NASHUA -- The city's recycling program will overspend its budget by the end of March, leaving city officials to decide how to fund the program for the next three months.
“The future of single-stream recycling is really in a transitional stage right now. Most recyclables were going to China,” said Lisa Fauteux, director of public works. “China effectively shut down the world market, which has really created some limited markets for recyclables at the current time. And, as a result, the cost of single-stream recycling has really skyrocketed.”
A total of $400,000 was appropriated for the city's recycling program in the current budget, which will be expended by the end of the month, according to Fauteux.
She is requesting a supplemental appropriation of $120,000 to continue the recycling program.
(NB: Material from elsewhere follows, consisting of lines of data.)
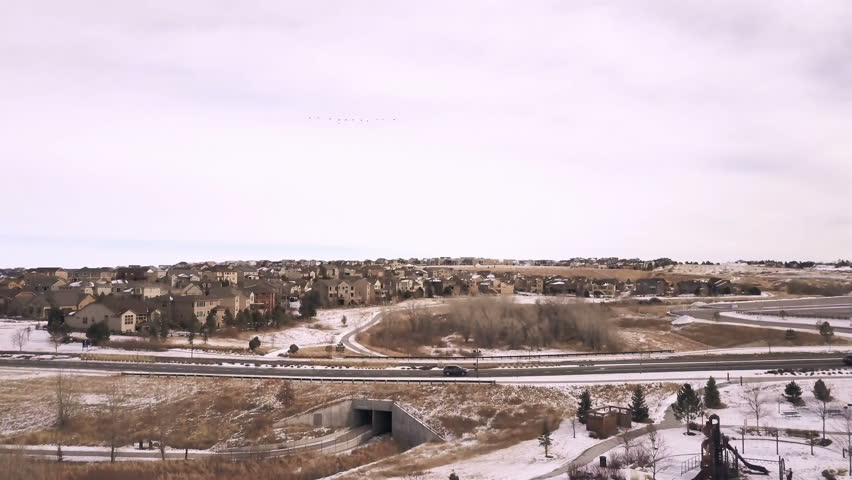 Aerial of residential neighborhood of Suburbia in the Winter.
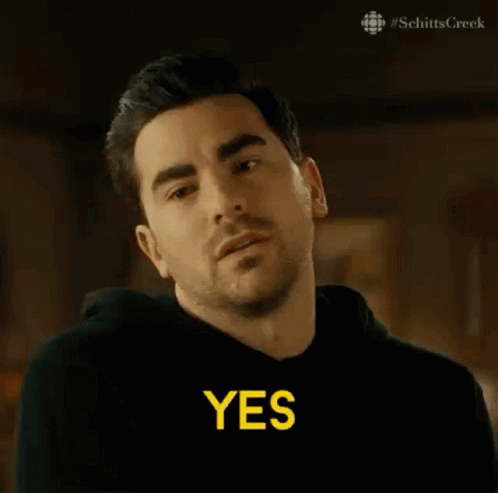 A Man Is Saying `` I Would Like That Very Much '' While Wearing A Black Hoodie . GIF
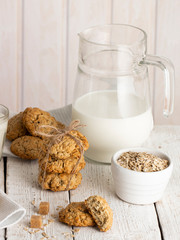 Oatmeal cookies with milk on tray on rustic wooden table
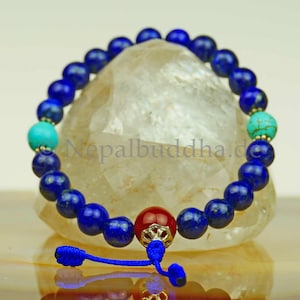 May include: A blue lapis lazuli mala prayer bead bracelet with turquoise and red carnelian beads. The bracelet has a silver charm and a blue cord.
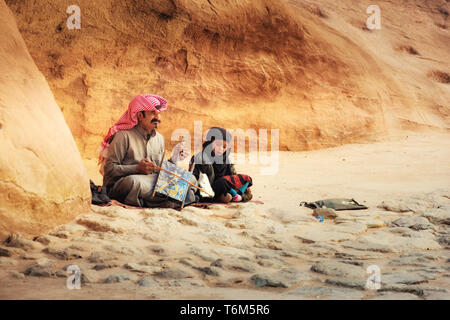 Beduinen Mann spielt traditionelle beduinische Rababa string Musikinstrumente mit Seinem Sohn in der antiken Stadt Petra, Jordanien Stockfoto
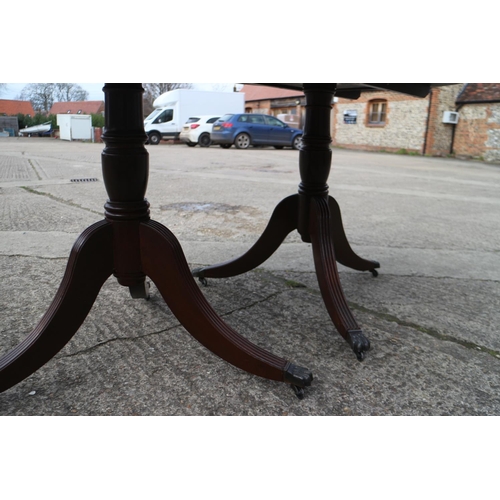 544 - A mahogany and banded double pedestal dining table with one extra leaf, on vase turned columns and t... 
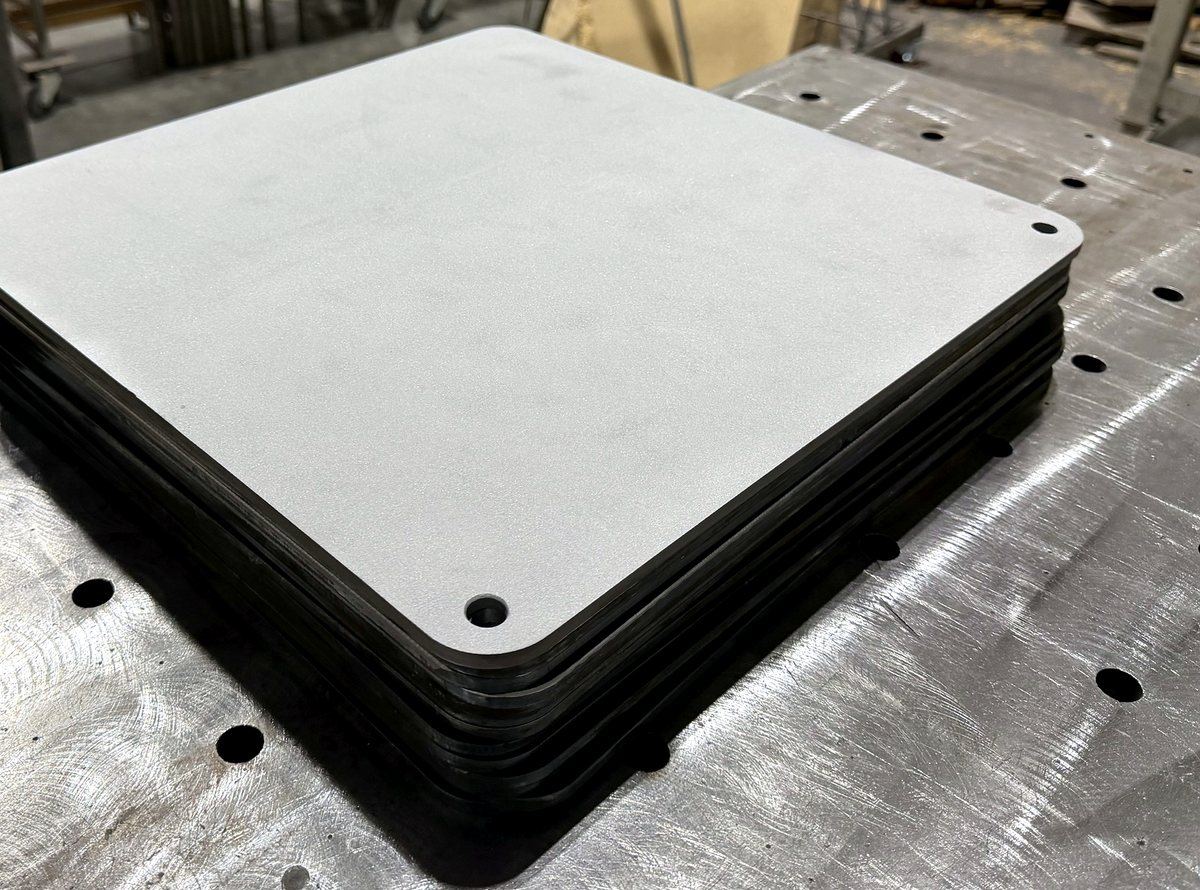 Finished, sandblasted pizza steels stacked and ready to ship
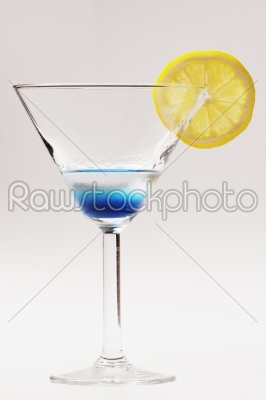 blue cocktail with yellow lemon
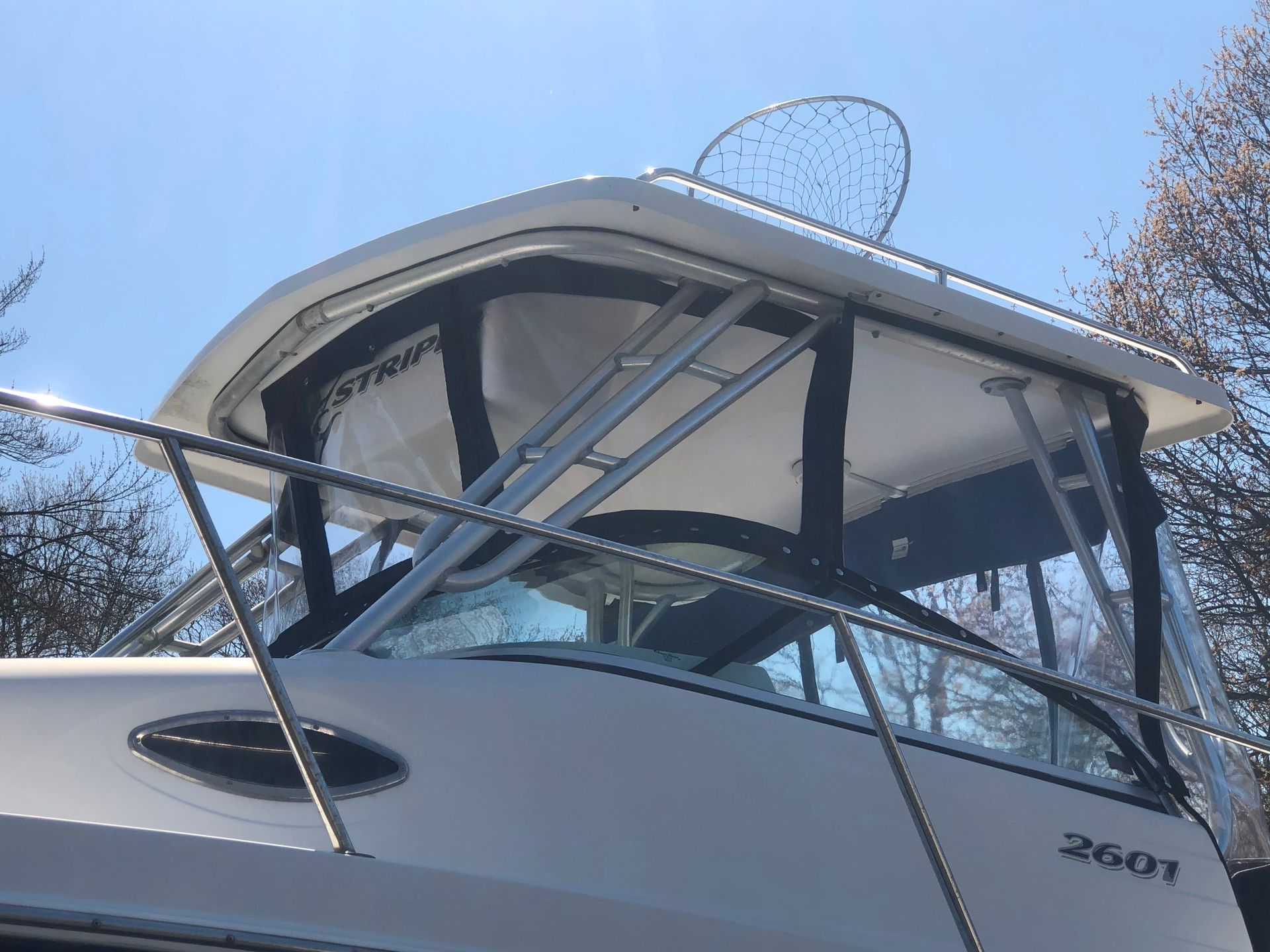 White boat cabin with black canvas and a fishing net.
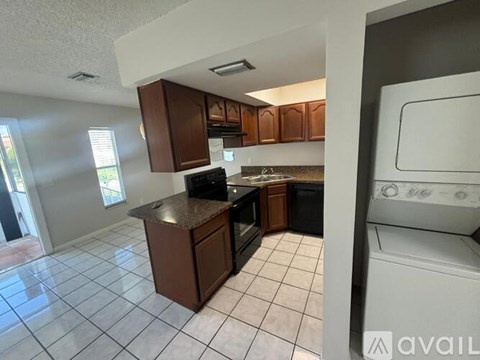 A kitchen with brown cabinets and a black stove top oven.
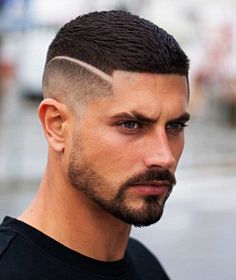 a young man with a shaved undercut looks into the camera while wearing a black t - shirt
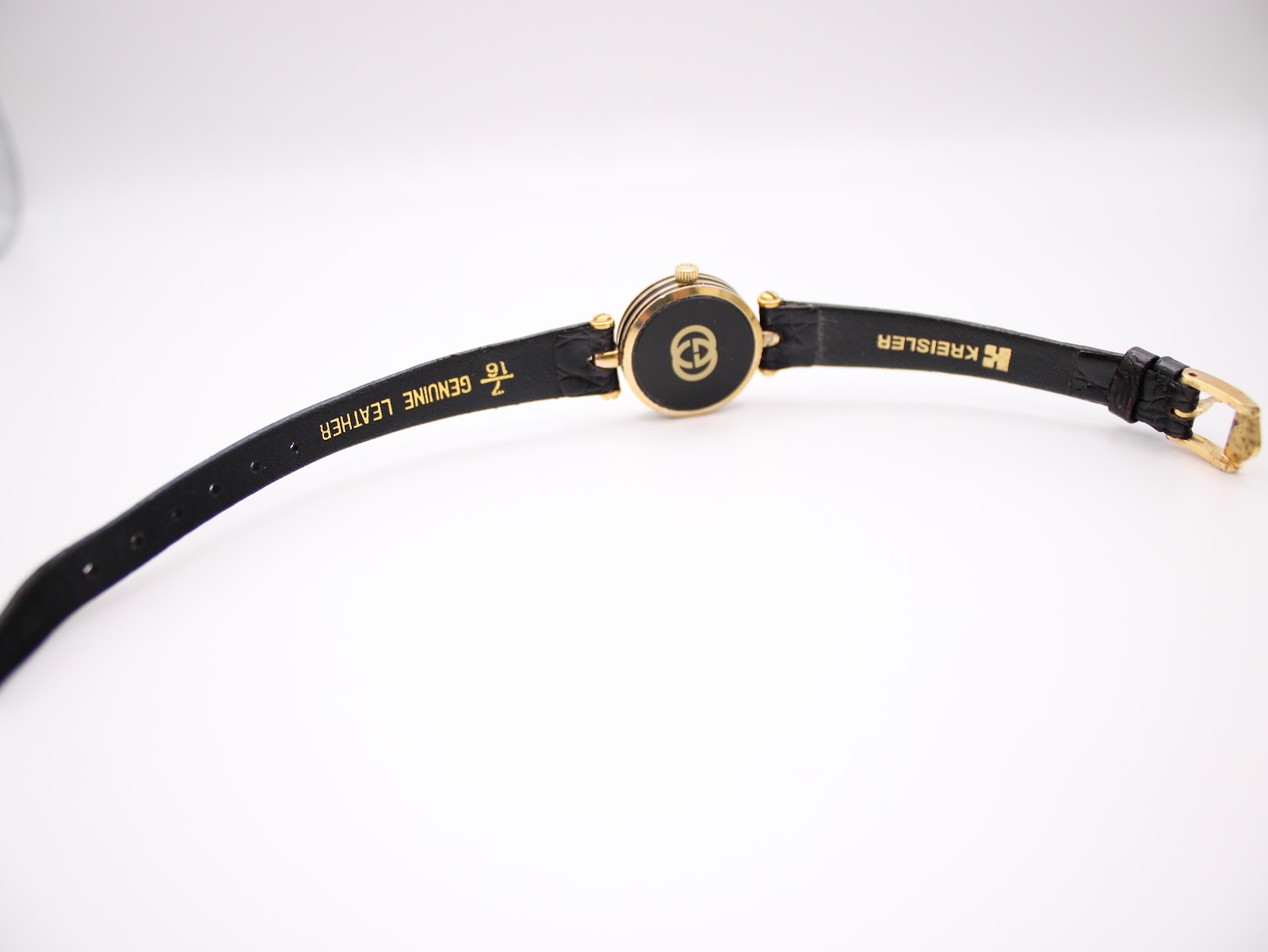 View of the watch from the back, showing the case back, the gold-tone signed buckle, and the black 'KREISLER' genuine leather strap.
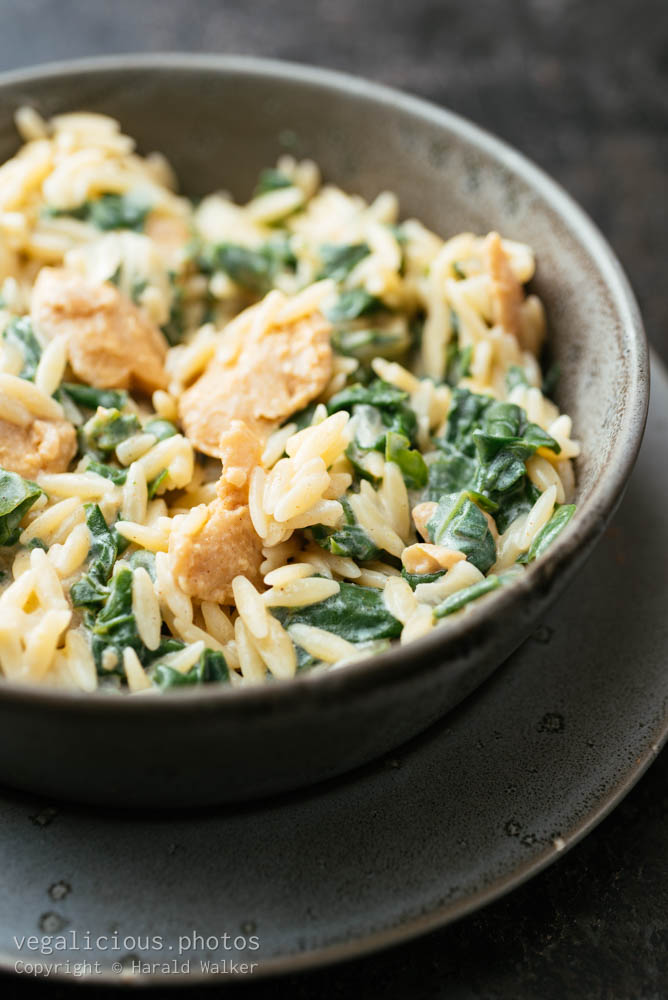 Stock photo of Garlicky Orzo with Vegan Creamed Spinach and Chickun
Fauteux told the Board of Aldermen this week that there is additional revenue in the solid waste budget that was not anticipated, which could be used to cover the additional recycling expense.
Nashua collects about 5,000 tons of recyclables each year, with about six loads per week that are hauled away by a vendor, according to Jeff Lafleur, superintendent of Nashua’s Solid Waste Department.
“The city should remain committed to recycling,” he said, adding it would send the wrong message to residents if recyclables were temporarily stashed at the landfill until July 1, when the next budget cycle begins.
The Board of Public Works is recommending that the $120,000 in extra revenue -- unrelated to recycling -- be used to cover the recycling costs for the remainder of the budget cycle; the proposal is now being considered by an aldermanic committee.
Sally Hyland, the city’s recycling coordinator, said changes have been made to lighten the load of recycling by installing a canopy over the recycling storage area at the landfill -- a change that keeps the material dry and lighter in order to save some money.
The cost of recycling was about $238,600 during fiscal year 2018, and has already hit $321,287 in fiscal year 2019 with more than three months remaining, explained LaFleur.
There is currently no revenue from single-stream recycling, they told city officials.
In 2017, the city was paying less than $1 a ton to dispose of its recyclables, but was most recently paying more than $82 a ton.
Casella Waste Systems, the company Nashua uses to haul away its recyclables, previously warned the city that costs could increase.
According to a prior post on Casella’s website, China enacted the National Sword Program last year to reduce the amount of carried waste being sent into the country as an initiative to combat pollution.
“China has banned 24 types of materials that were previously entering their country as recyclables,” stated the site. “The largest ban that has impacted the U.S. recycling industry has been the ban on mixed paper.”